_Task to carry out:_ Lines before the one containing "Christmas Wreath on Countryside Chapel Door" are not wanted; restate the rest below word for word, through the last line, but drop any pictures.

_Dataset section:_
▼

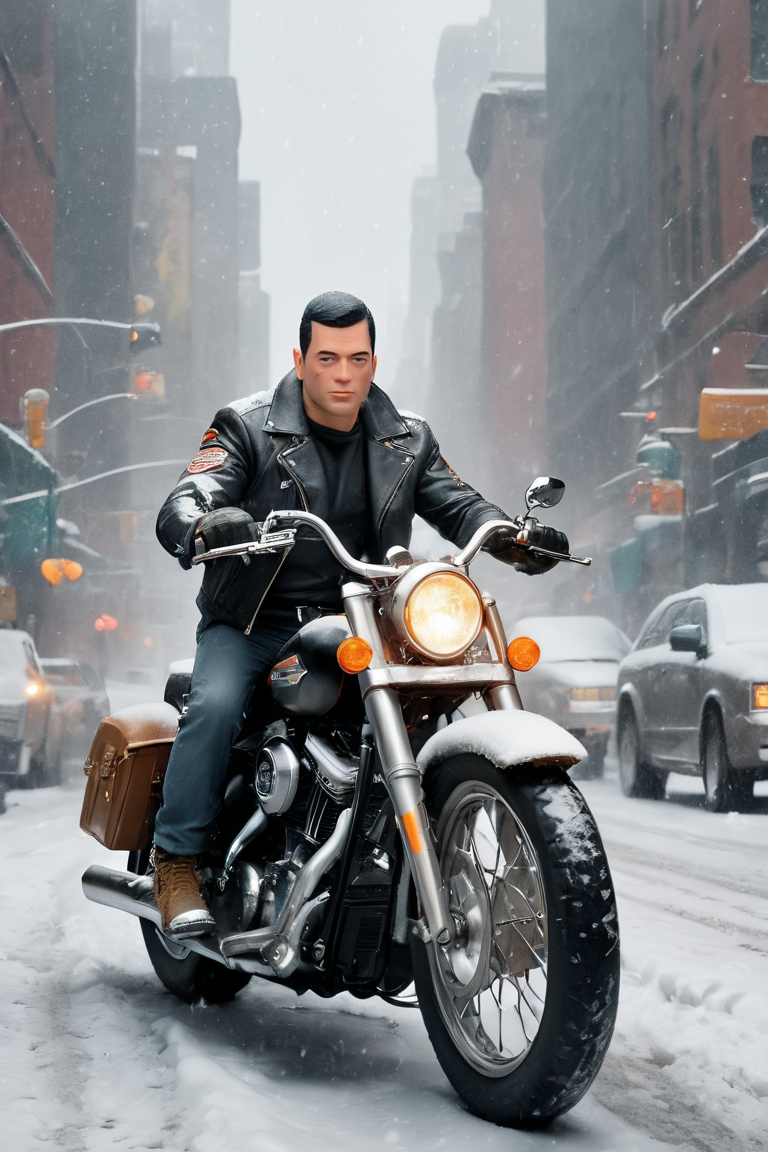 style by (Ross Tran)(highly detailed), Xmas Atmosphere, Dynamic Angle, Cinematic Lighting, Epic Snowfall masterpiece, Grunge rock, <lora:GI_Joe:1>  GI Joe, a man wearing black leather jacket and gloves ride on Harley Davidson, Amazing realistic detailed, New York Street, Huge Detailed Busy Scene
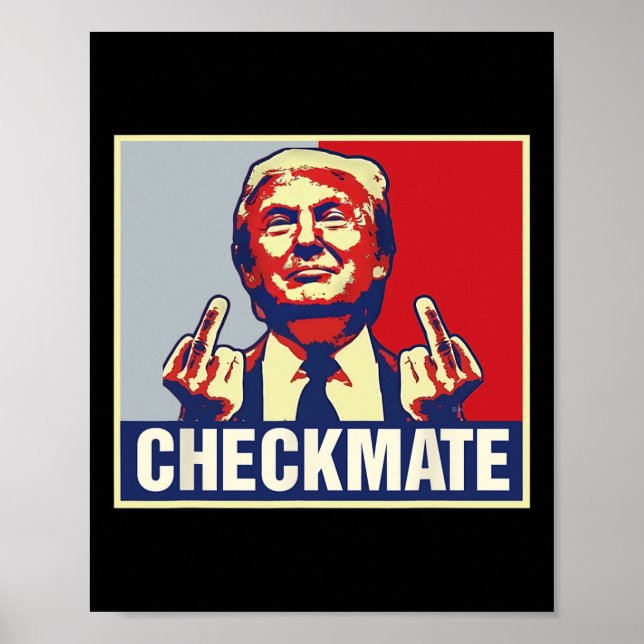 Poster Checkmate Funny Trump 2024 Campagne présidentielle (Devant)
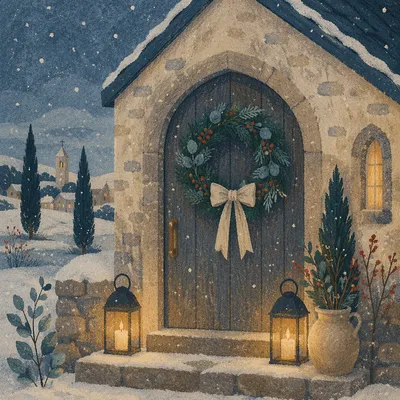 Christmas Wreath on Countryside Chapel Door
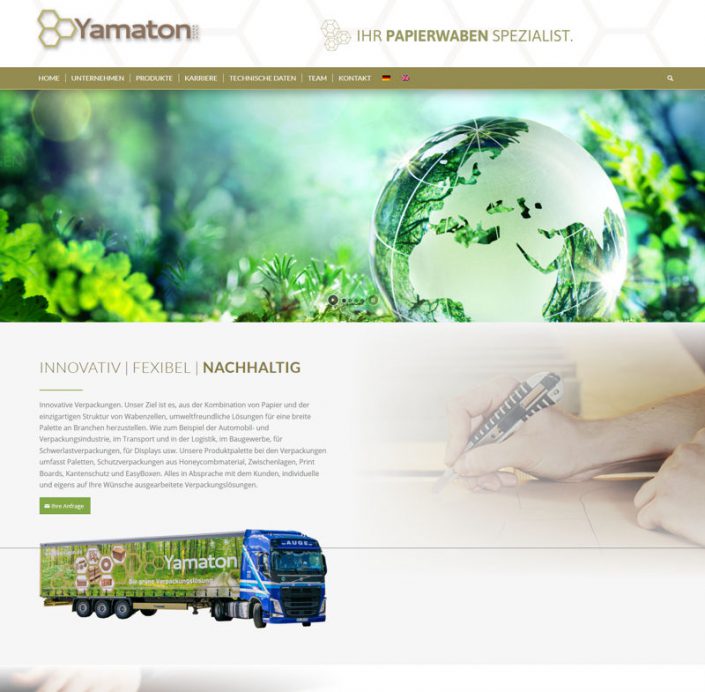 yamaton-internetseite Internetseite der Yamaton Paper GmbH in Rostock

▲

_Task solution:_
 Christmas Wreath on Countryside Chapel Door
 yamaton-internetseite Internetseite der Yamaton Paper GmbH in Rostock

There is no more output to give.